● DATA RECORDS

◆ ◆ ◆ ◆

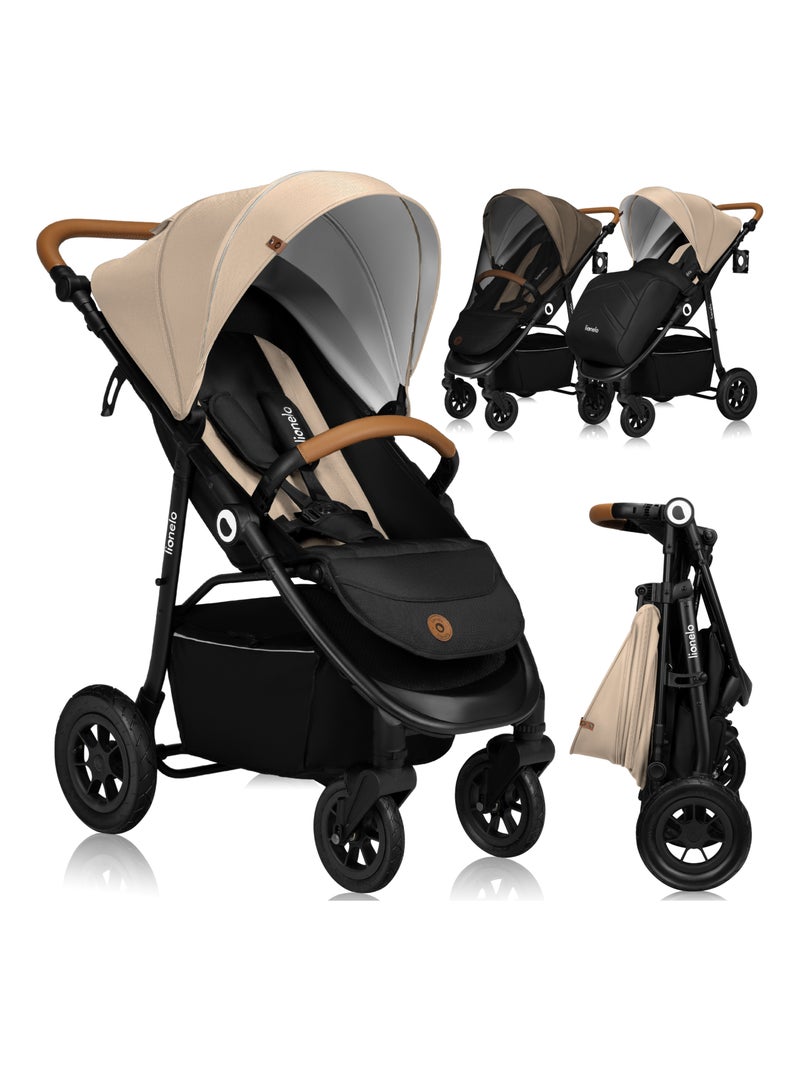 Poussette tout terrain LIONELO Natt - Grand roues gonflables - Légère & pliable - Jusqu'à 22 kg Beige - Kiabi
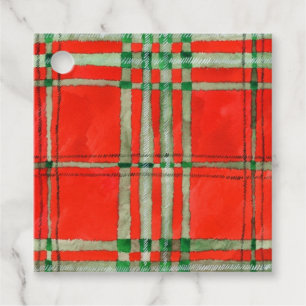 RED SCOTT TARTAN Square Cadeau Labels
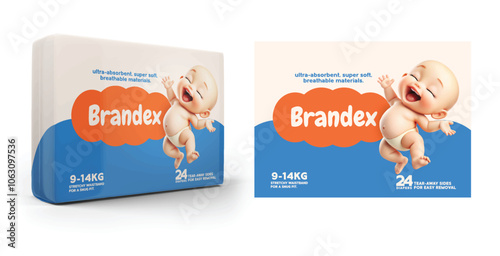 Baby Diapers packaging design - eps 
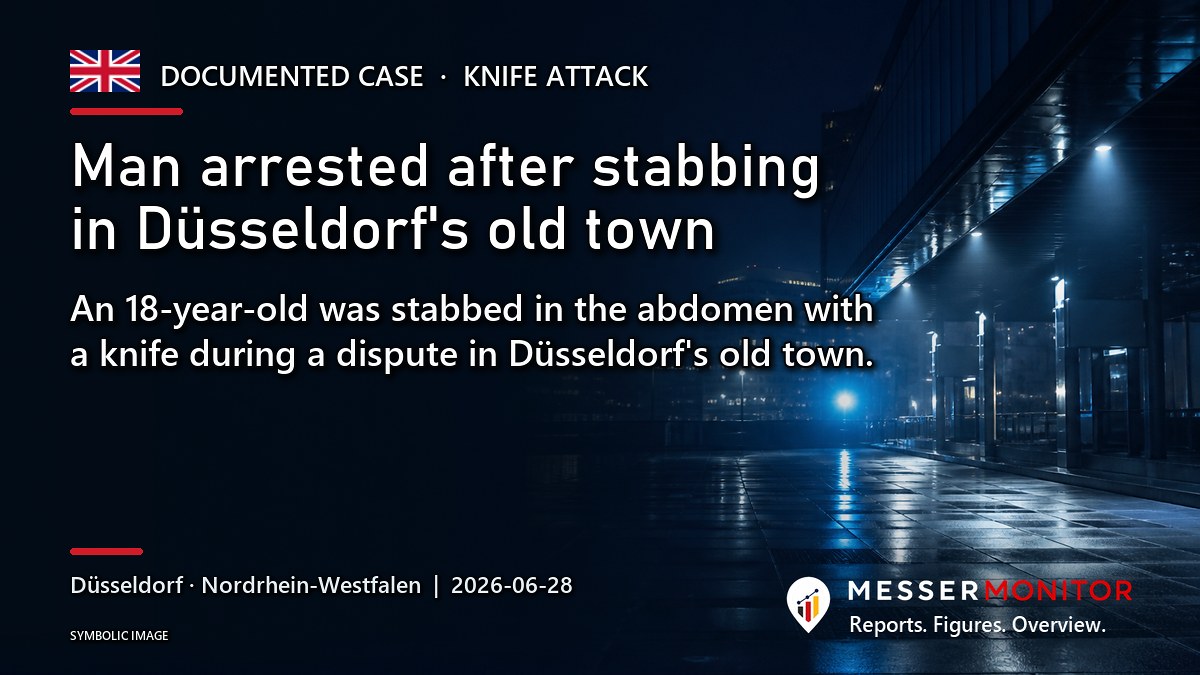 Title image: Man arrested after stabbing in Düsseldorf's old town. An 18-year-old was stabbed in the abdomen with a knife during a dispute in Düsseldorf's old town..
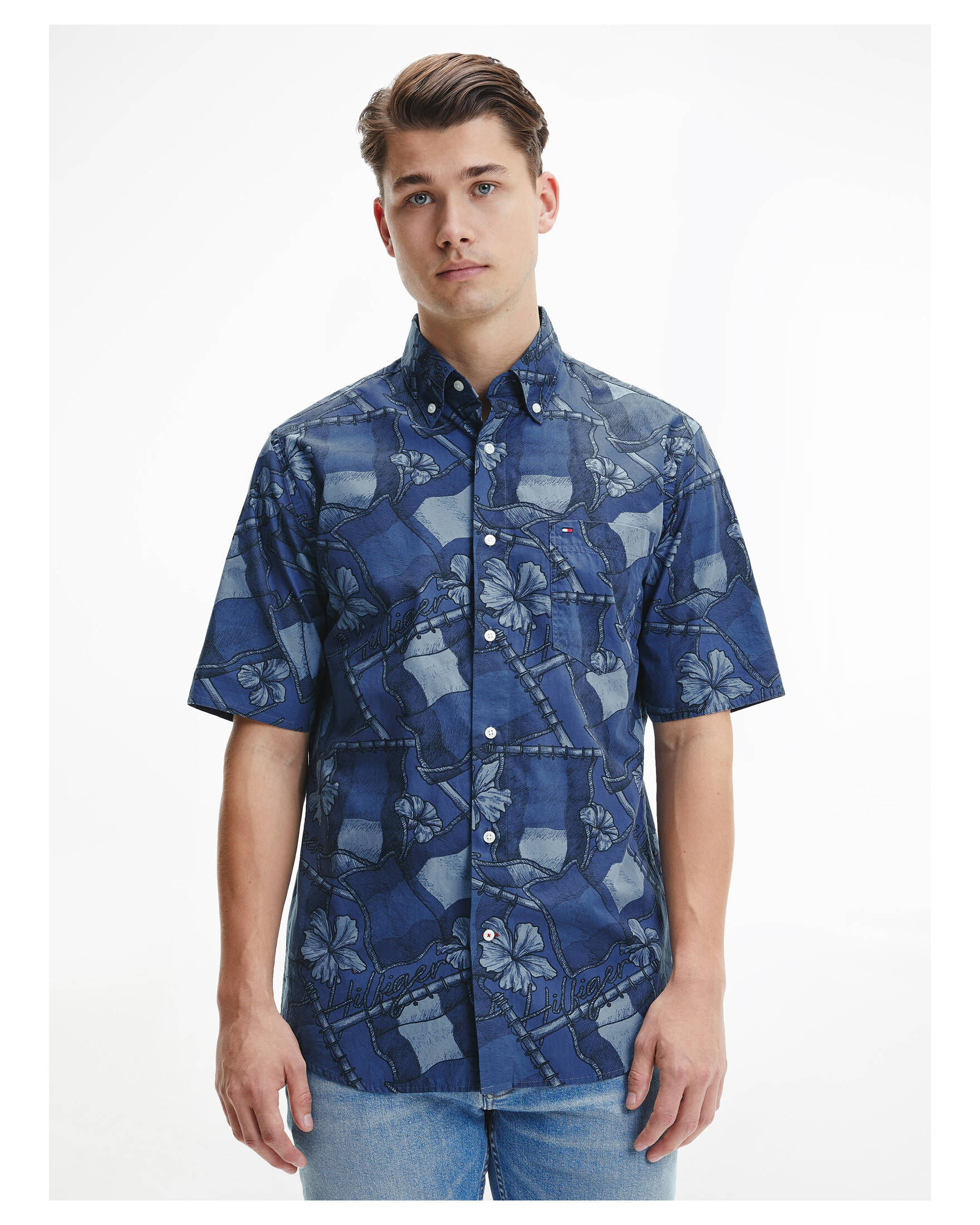 Tommy Hilfiger| Herren Freizeithemd CASUAL WAVY FLAG PRINT SHIRT Kurzarm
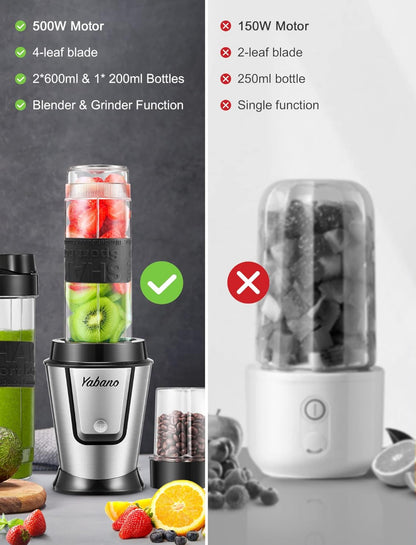 Licuadora personal, botella eléctrica para batido con 2 botellas de 20 oz y tarro de café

◆ ◆ ◆ ◆

● TASK TO CARRY OUT
Here the job is to output the lines from the top of the listing through the line holding "Baby Diapers packaging design - eps", word for word and without pictures.

● RESULT OF THIS EXERCISE
 Poussette tout terrain LIONELO Natt - Grand roues gonflables - Légère & pliable - Jusqu'à 22 kg Beige - Kiabi
 RED SCOTT TARTAN Square Cadeau Labels
 Baby Diapers packaging design - eps 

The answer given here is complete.